CCC is the number of days between paying suppliers and collecting cash from sales. A long CCC means cash runs thin even while the P&L shows profit, forcing a working-capital injection right after closing. It feeds not the price itself but the answer to "how much cash should I have ready after the deal."

4. Current Ratio — Can the Next Year Be Paid For?

Only two totals needed: current assets ÷ current liabilities from the balance sheet.

Below 100% means the year's obligations exceed the assets convertible within the year. Levels vary enormously by industry, so never judge in isolation — read together with benchmarks.

5. Equity Ratio — Stamina in a Single Percentage

Total net assets ÷ total assets from the balance sheet.

Lower means heavier debt dependence and less resilience to revenue dips. Negative-equity targets circulate routinely in the small M&A market; that alone doesn't mean walk away, but it does mean a near-zero share price plus a credible recovery story.

6. Operating Margin — Meaningful Only Against Peers

Operating profit ÷ revenue, recomputed on the normalized figure.

This is the one number that says nothing standalone. A 5% margin is solid for a wholesaler and weak for a software company. Compare against the industry median in public statistics such as METI's Local Benchmark or MOF corporate statistics.

Verify Before You Compute

Before any metric, check whether the handed numbers deserve trust at all: reconcile the statements against the tax return, and confirm cash against bank books and balance certificates. The full verification and benchmarking process is covered in the pillar guide to small M&A financial DD.

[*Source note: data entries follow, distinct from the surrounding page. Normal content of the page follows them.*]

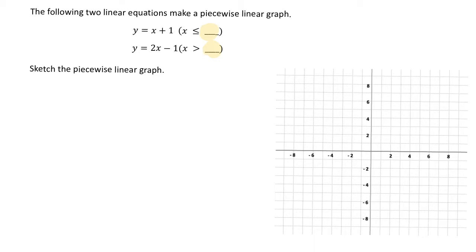To identify that point of intersection, we have to solve those two equations using simultaneous equations. We have y equals x plus 1 and y equals 2x minus 1. To solve them simultaneously, we can equate the two equations: x plus 1 equals 2x minus 1.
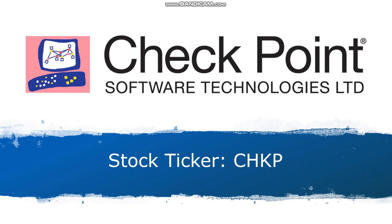Today this video is going to be about Check Point Software Technologies. Before I begin, I'd like to say I'm not a financial advisor and this is not a recommendation to buy or sell the company. I'd recommend seeking professional help when investing in equities.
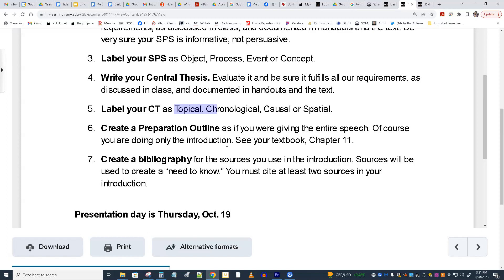Your introduction will have three attention-getting devices and you have to cite at least two sources. This is where your introduction becomes persuasive even though it's an informative introduction — you're using bits of information from sources related to the main ideas, which are supposed to be intriguing and give us what we call the need to know. You're persuading us to want to know about this topic, and when you give facts, you have to cite where they came from. After your attention-getters, you'll be using sources, then you'll do your signposted preview statement, and that will be the end of the presentation.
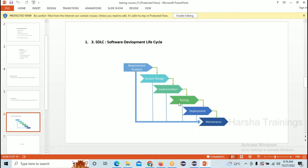So, SDLC phases in summary: Requirement Analysis is gathering land, contractors, and materials for construction. System Design is how the apartment looks after construction. Implementation is constructing the apartment. Testing is the government authority checking if it's built as per rules. Deployment is people occupying their purchased flats. Maintenance is paying monthly costs for watchman, lift, and facilities.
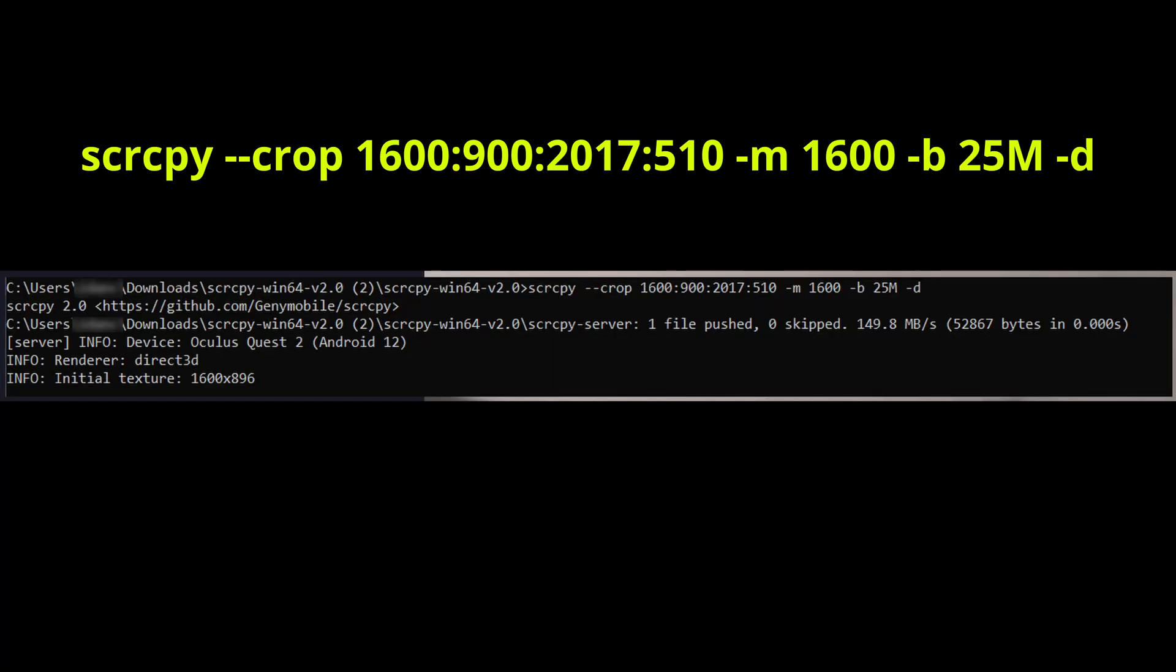Then all you need to do is write the command shown in yellow - scrcpy with all the different parameters - and press enter.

One more rule: fix your thresholds before opening the statements. The more you want the deal, the kinder you become to its numbers. Writing "equity ratio below half the industry median → deep-dive" on paper first changes the quality of your judgment.

Read Three Periods — a Single Year Can Wear Makeup

Check every metric across three periods, not just the latest. A single year moves freely with compensation changes and one-off gains; dressing up a three-year trend simultaneously is much harder. Statements that improve sharply only in the final year deserve a place on your question list as possible pre-sale makeup.

Summary

  • Six values minimum: normalized EBITDA, net debt, CCC, current ratio, equity ratio, operating margin
  • Get the account breakdown schedules along with the BS/PL — director pay and director loans appear only there
  • Never price on reported profit; normalize first
  • Set thresholds first, read three periods, compare against benchmarks

I built DD Tool to automate exactly this: enter the statement figures and it computes the six metrics, applies five-level risk ratings, and compares against industry benchmarks — in your browser, with no financial data ever transmitted. Try the free version →

FAQ

Q. Can I pull the DD numbers without accounting knowledge?
Yes. The six metrics use about twelve line items across the BS/PL and the account breakdown schedules, all of them plainly labeled aggregates. The hard part is not finding accounts but judging normalization adjustments such as resetting director compensation, where industry comparisons guide you.
Q. How many years of statements should I request?
Three at minimum. A single year swings freely with compensation changes and one-off gains, while faking a three-year trend simultaneously is hard. Statements that improve sharply only in the final year belong on your question list as possible pre-sale makeup.
Q. Where do I find director compensation?
Not in the P&L itself but in the account breakdown schedules attached to the corporate tax return. Director loans show up in the same schedules, so always include them in your document request.
Q. Should I avoid companies with negative equity?
Not automatically. Negative-equity deals circulate routinely in the small M&A market. They do require a near-zero share price, clear terms for assuming the debt, and a credible recovery plan — a demanding combination for a first acquisition.
Q. Which of the six metrics matters most?
Normalized EBITDA and net debt set the price; CCC decides whether you survive after closing. The six play different roles and none substitutes for another — two pricing metrics, one cash-flow metric, two safety metrics, and one competitiveness metric, checked as a set.